Midterm II: Required Topics
Unit 8: Structs and Unions
- Computing the padding of structs to align (1) each member to a
multiple of its size and (2) the start/end of each nested struct to
a multiple of its largest member.
- Using unions to read/write the same region of memory as variables
with different types or size.
Unit 8: Buffer Overflow Attacks
- Vulnerable and safe library functions (e.g.,
scanf
/gets
/strcpy
/strcat
vs
getline
+sscanf
/strncpy
/strncat
).
- Protection mechanisms: canary values, address space layout
randomization, non-executable memory pages.

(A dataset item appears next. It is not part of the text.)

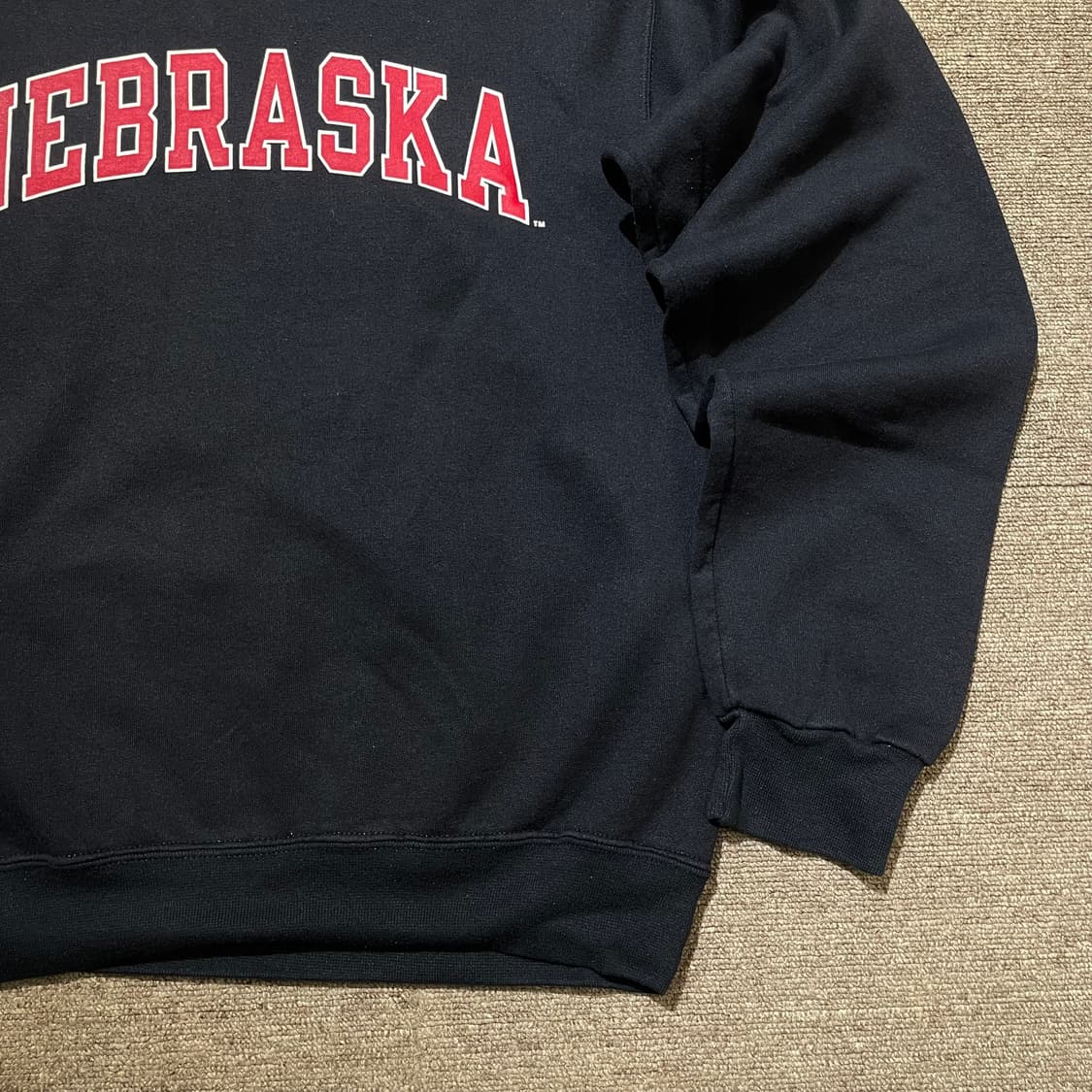 (S) Champion 챔피온 프린팅 스웻셔츠 맨투맨 상품이미지3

- Understanding the amount of padding needed to fill the buffer (from
the assembly code).
- Code injection attacks: overwriting the return address for the
execution of binary code injected on the stack.
- Return-oriented programming: preparing a sequence of return
addresses triggering the execution of multiple gadgets; how to pop
data from the stack using gadgets.
Unit 9: Introduction to ARM64
- Arithmetic/logic operations between registers (slide 9.7)
- Using shift or rotate on the second input operand (slide 9.6)
- Memory load/store operations (slide 9.9)
- Examples on slides 8.8, 9.10
- Addressing modes (slide 9.11)
- Function call and return mechanisms (slide 9.18)
Unit 10: Memory
- Understanding latency and throughput.
- The principles of spatial and temporal locality.
- The memory hierarchy and caching: how size, latency and cost vary.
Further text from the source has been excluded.